Listed entries.

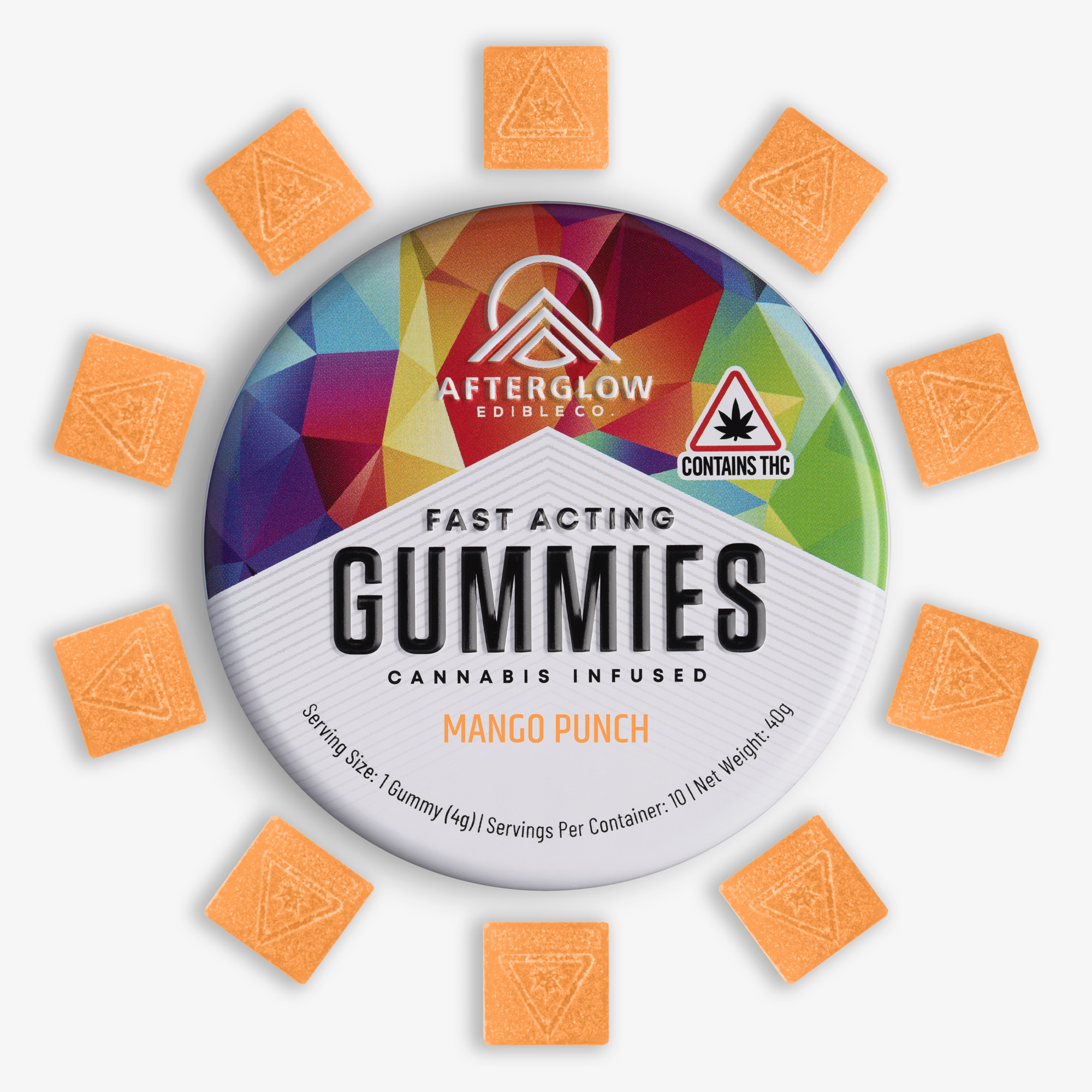 Photograph of product: Afterglow - Mango Punch Fast Acting Gummies - 100mg
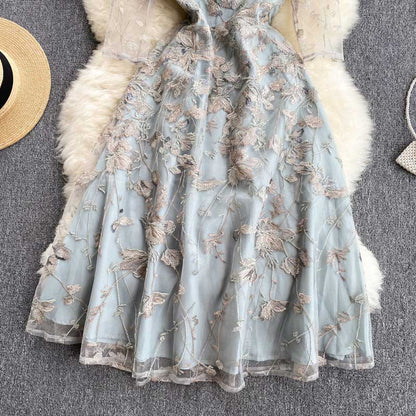 Embroidery Summer Mesh Elegant High End Women's Dress - Harmony Gallery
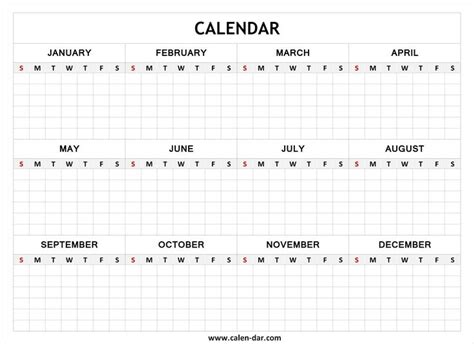 Free Yearly Calendar Template Printable Blank Calendar Template
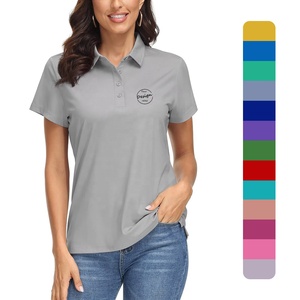 เสื้อโปโลกอล์ฟสำหรับผู้หญิงเสื้อโปโลแขนสั้นผ้า100% โพลีเอสเตอร์แห้งเร็วขายส่งโลโก้ได้ตามต้องการ - Product Image 1
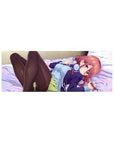 32x12 inches anime girl mouse pad with red-haired girl, violet eyes, headphones, lavender bedding.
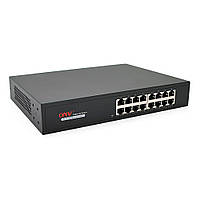 Комутатор Ethernet ONV-H1016 у металевому корпусі, 16*100Мб портів, 270х181х44 мм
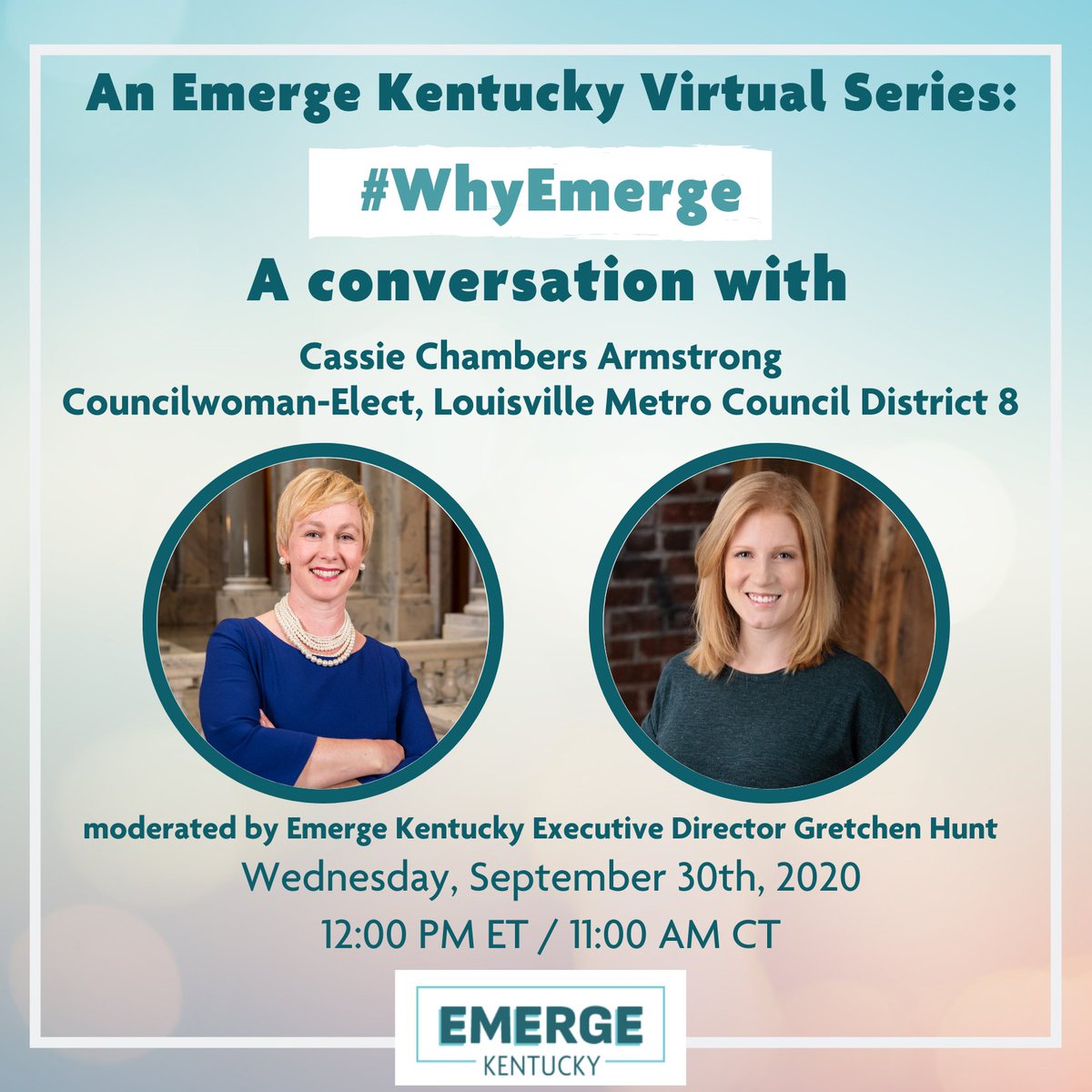 EmergeKentucky's tweet photo. Join Emerge KY for our next #WhyEmerge Interview Session TOMORROW at 12pm ET!

Featured guest is Councilwoman-Elect @cassiehchambers for Metro Council 8! Find out what led Cassie to join the Emerge KY network and more!

#WhyEmerge #EmergeNow #EmergeIntoYourFuture https://t.co/VztICVOG0Q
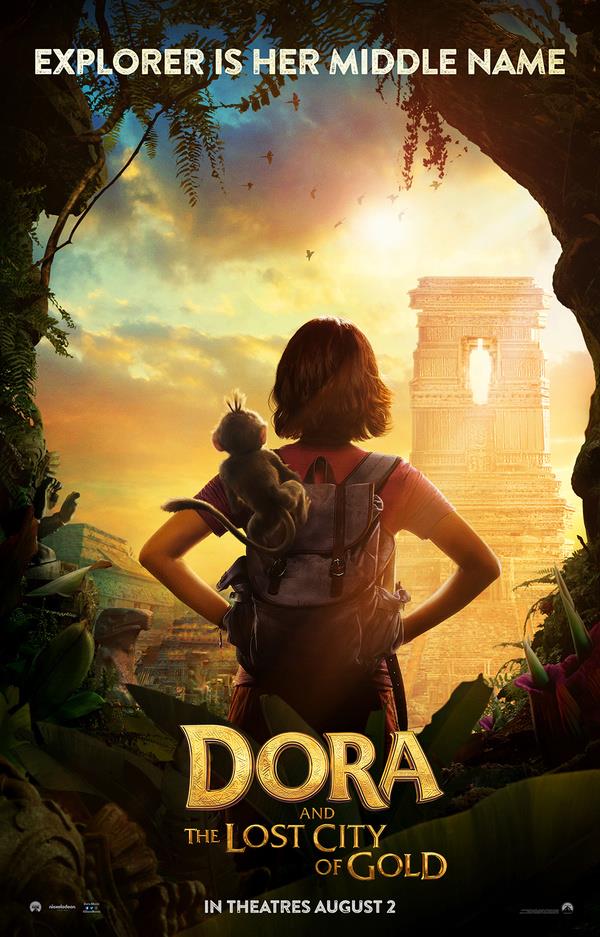 Dora e la città perduta poster americano Dora e la città perduta, il poster americano mostra la protagonista Dora di spalle con lo zaino d'avventuriera e la sua fidata scimmietta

Task.
Beginning with the first line of the entries above, repeat each line word for word until the line with "32x12 inches anime" has been given too. Omit the pictures.

Reply.
 Photograph of product: Afterglow - Mango Punch Fast Acting Gummies - 100mg
 Embroidery Summer Mesh Elegant High End Women's Dress - Harmony Gallery
 Free Yearly Calendar Template Printable Blank Calendar Template
 เสื้อโปโลกอล์ฟสำหรับผู้หญิงเสื้อโปโลแขนสั้นผ้า100% โพลีเอสเตอร์แห้งเร็วขายส่งโลโก้ได้ตามต้องการ - Product Image 1
 32x12 inches anime girl mouse pad with red-haired girl, violet eyes, headphones, lavender bedding.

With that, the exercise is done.